Mexico's peso devaluation and economic crisis have created short-term havoc for automakers and suppliers. But almost everyone remains bullish on Mexico long-term.
BMW AG, for instance, recently announced that it still plans to sell and assemble cars in Mexico, despite the crisis. BMW de Mexico, however, did reduce its initial sales target, from 800 cars a year to an unspecified number.
Italy's Fiat Auto SpA and Mexican truck and bus maker Grupo G Consorcio Dina have scrapped plans to build 95,000 Fiat subcompacts annually in Ciudad Sahagun, near Mexico City. The peso's plunge effectively prices the Fiat vehicles out of the local market because of their high imported content. However, Dina said the firms are examining ways to revise the joint venture.

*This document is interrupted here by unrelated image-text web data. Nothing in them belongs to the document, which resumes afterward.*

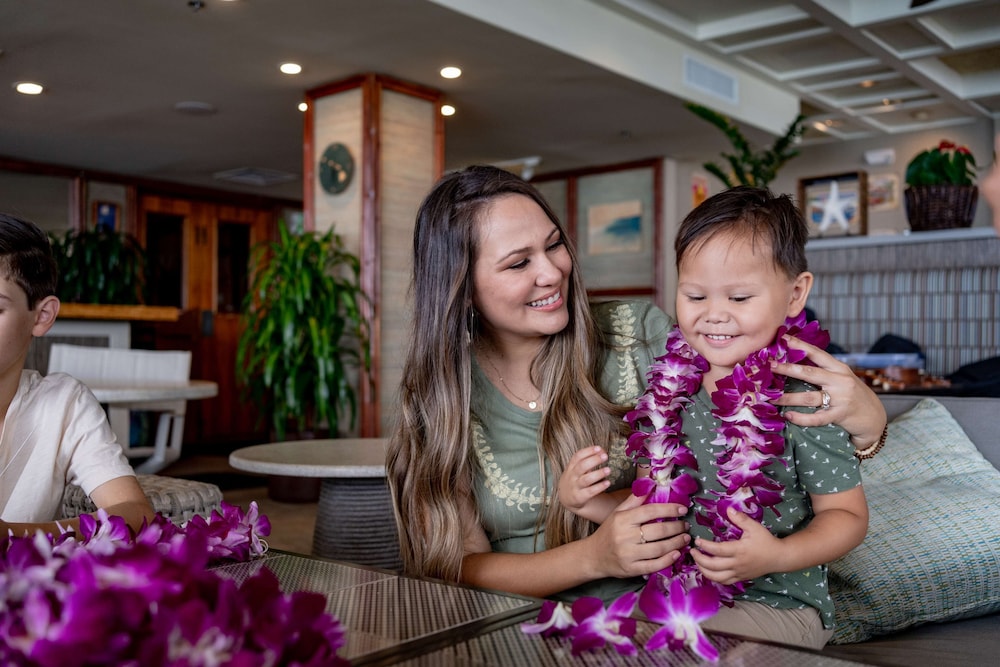 OUTRIGGER Waikiki Beach Resort 17/88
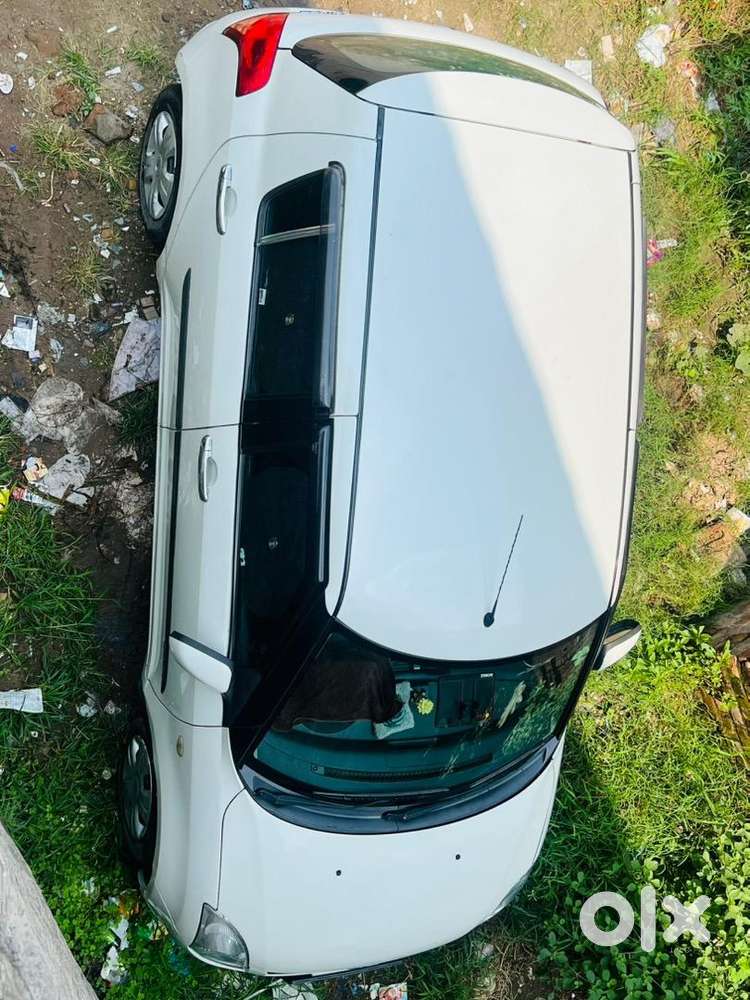 Maruti Suzuki Swift 2010 Petrol+cng  Ch Regd. 95000 Km Driven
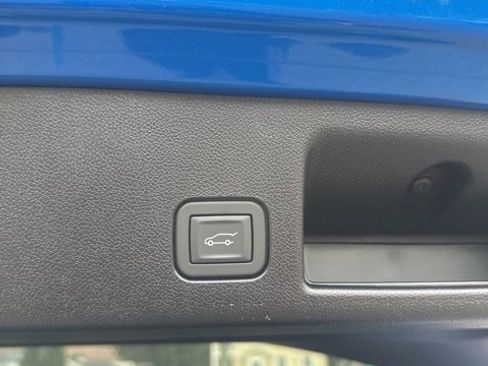 New 2025 Chevrolet Equinox EV RS w/ Convenience Package II image 23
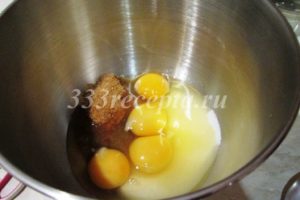 <p>А 4 яйца соединяем со 150 г сахара и 100 г тростникового сахара.</p>
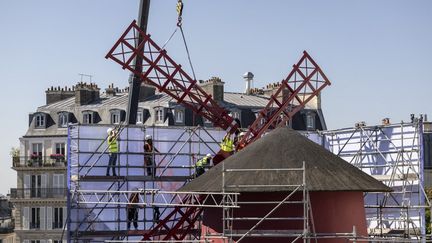 Les travaux de restauration ont débuté le 24 juin, derrière une bâche, à l'abri des regards. (OLYMPIA DE MAISMONT / AFP)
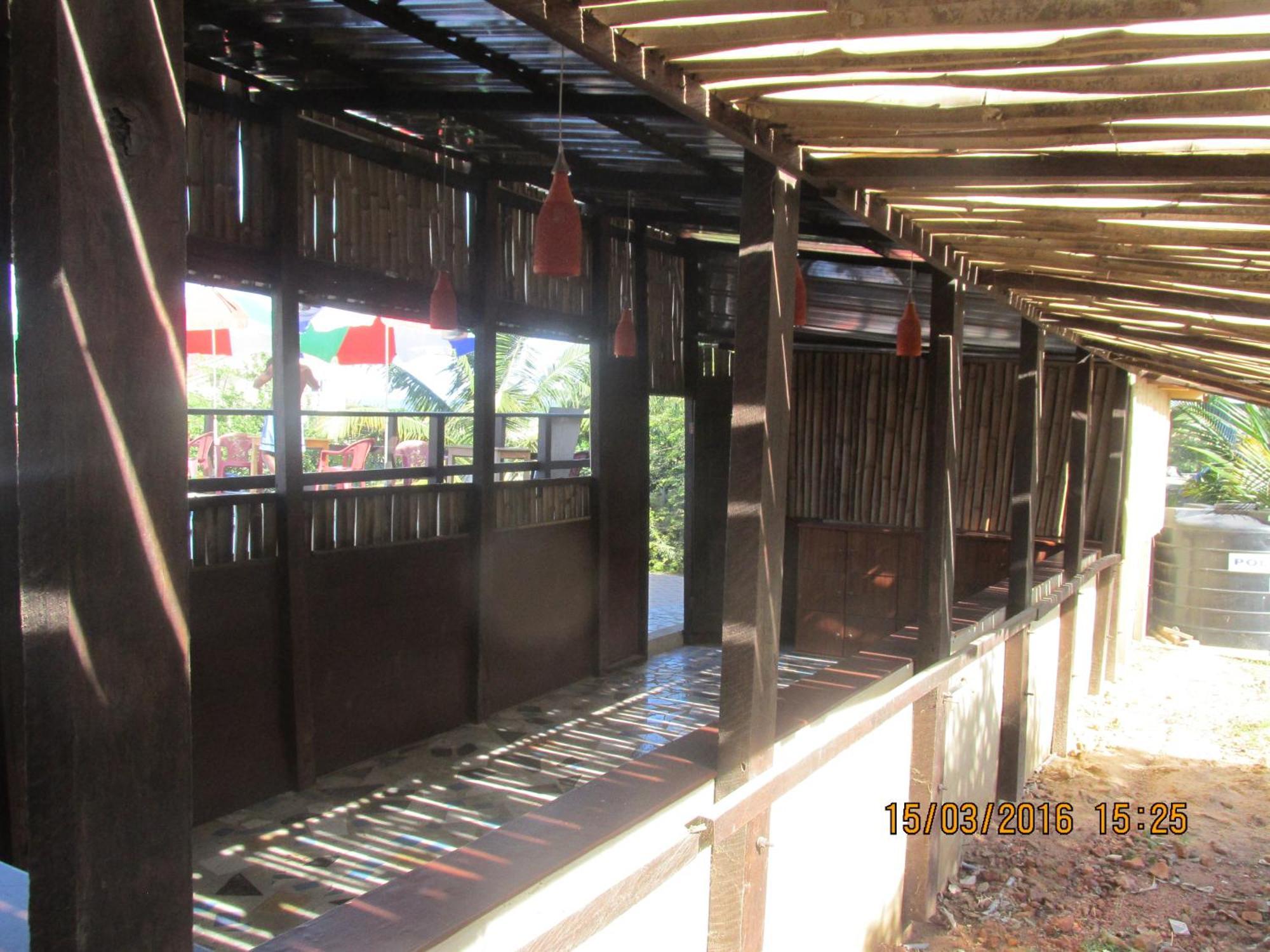 Jamaica Inn Guest House Botianaw ภายนอก รูปภาพ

In many cases, it is too late to undo much of the two-way traffic in vehicles and auto parts, no matter what the peso is worth.
For example, Nissan Motor Co. will begin exporting U.S.-made Sentra parts from its plant in Smyrna, Tenn., to a Sentra plant in Aguascalientes, Mexico.
``It's too late to stop,'' said Jerry Benefield, president of Nissan's U.S. manufacturing unit. ``Mexico doesn't have any alternate sources for the parts.''
Where possible, expect to see auto companies scramble to export more from their Mexican operations now and to reduce U.S. exports to Mexico, said Doug Ransdale, senior vice president at Comerica Bank in Detroit. He assists suppliers doing business in Mexico.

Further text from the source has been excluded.